- Directions
Give again, exactly as written, the lines of the records below from the line with "Car part, possibly" to the line with "The backyard features". Both end lines count; pictures do not.

- Data records

▶

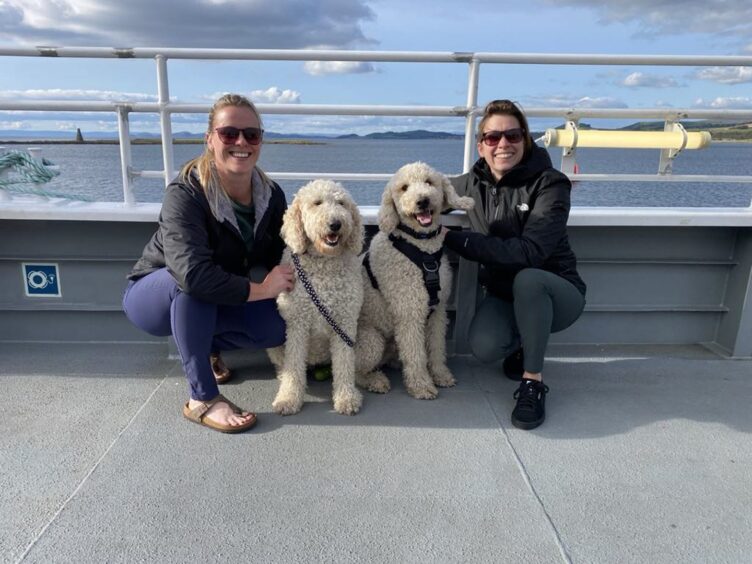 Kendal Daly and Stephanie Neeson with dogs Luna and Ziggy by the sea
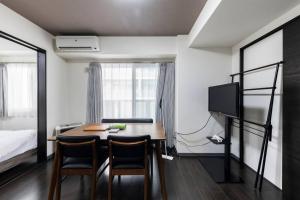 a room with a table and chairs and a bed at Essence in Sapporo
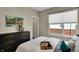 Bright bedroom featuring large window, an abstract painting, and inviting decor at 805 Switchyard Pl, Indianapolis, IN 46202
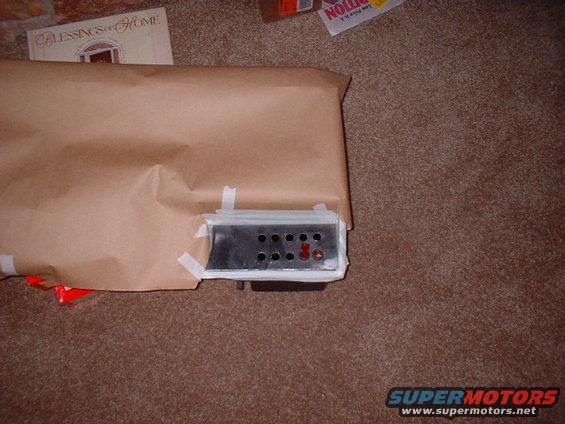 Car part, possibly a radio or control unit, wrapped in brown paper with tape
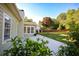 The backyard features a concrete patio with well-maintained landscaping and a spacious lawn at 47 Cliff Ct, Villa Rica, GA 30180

◀
▶

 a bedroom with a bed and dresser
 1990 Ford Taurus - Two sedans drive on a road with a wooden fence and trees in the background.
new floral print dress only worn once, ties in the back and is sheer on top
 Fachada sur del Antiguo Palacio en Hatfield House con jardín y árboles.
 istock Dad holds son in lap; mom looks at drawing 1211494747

◀

- Result for this task
 Car part, possibly a radio or control unit, wrapped in brown paper with tape
 The backyard features a concrete patio with well-maintained landscaping and a spacious lawn at 47 Cliff Ct, Villa Rica, GA 30180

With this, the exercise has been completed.